Comme Charest est un homme qui s'illustre parmi nos classes dirigeantes démissionnaires, il a pensé qu’une gestion “prudente”, entendez un délestage des titres technologiques et l’acquisition de titres dans des secteurs plus traditionnels, pourrait suffire. Il suivait la bonne légende néo-libérale voulant que quiconque trouve les bons fondements ne peut pas faire autrement que s’enrichir.
En fait, il faut se questionner plus profondément que Charest en est capable. Est-ce juste de rendre l’avenir des fonds de pension tributaire des marchés boursiers? On dit que les marchés ne mentent pas et qu’au final, ils ne peuvent que croître puisque que les sociétés humaines, dans leur consistance , leur matérialité, s’amplifient. Les sociétés devenant plus grosses, l’argent produit grandit aussi.
C’est vrai que les sociétés finissent par grossir mais ce n’est plus l’unique principe de formation des règles. Un nouveau système de fonctionnement basé sur la rareté des ressources et la déperdition des écosystèmes commence déjà à poindre. Si son existence n’est pas manifeste dans la pratique du capitalisme, il colore déjà l’horizon intellectuel.

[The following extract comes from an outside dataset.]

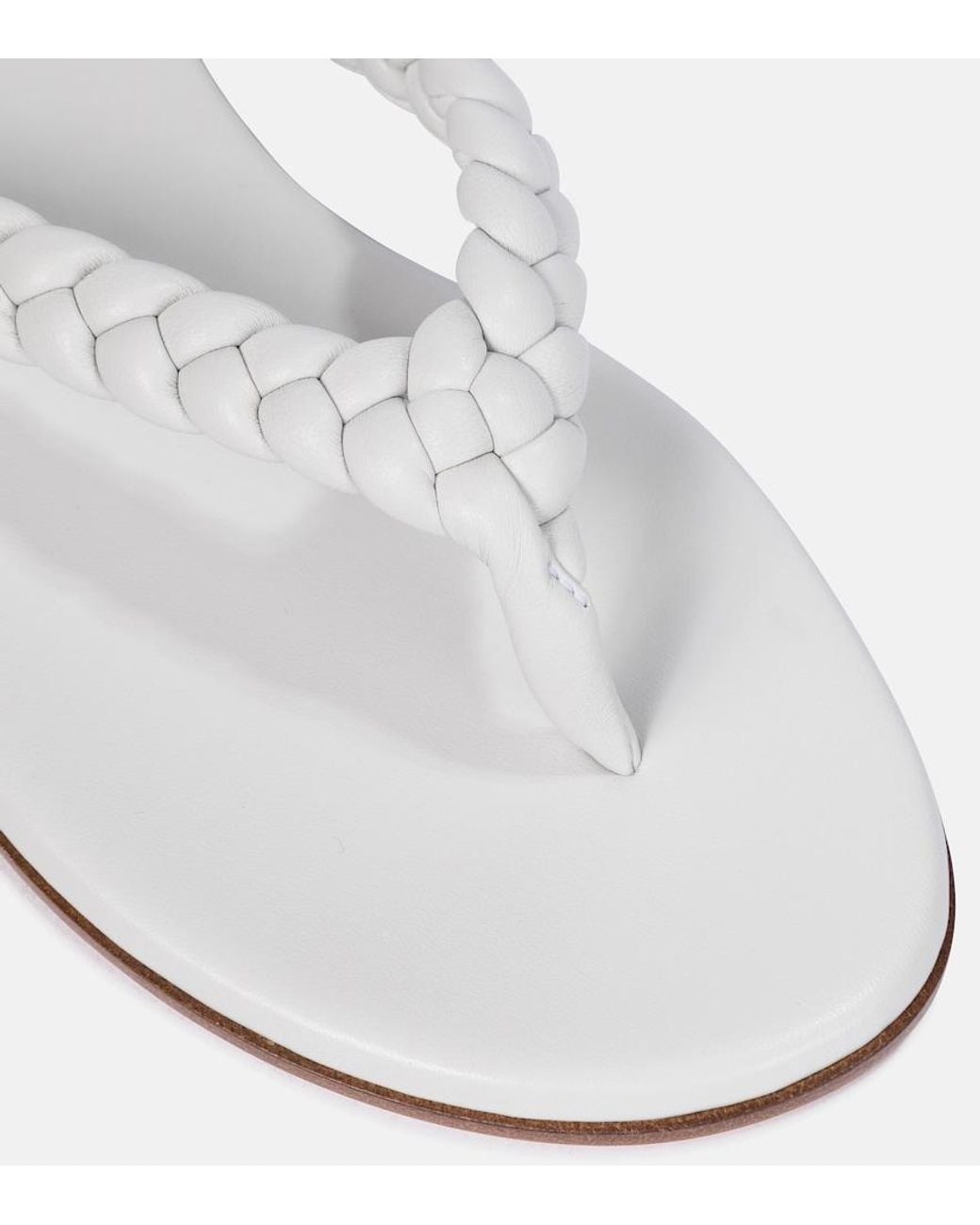 Gianvito Rossi White Tropea Leather Thong Sandals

Avec la crise alimentaire et les limites du développement industriel se pose la question entourant la croissance. Il est fort probable qu’on en vienne à définir une notion de civilisation matérielle qui aurait une évolution extrêmement lente. Reste à voir si ce nouvel horizon intellectuel combiné à la rareté des nouvelles fortunes ne fera pas mentir ceux qui voyaient dans la progression éternelle des marchés boursiers une loi naturelle.
Le prochain directeur de la Caisse de dépôt aura besoin de voir large. Il s'agit de savoir si les bons vieux schèmes entourant les stratégies d'investissement tiendront toujours dans l'avenir.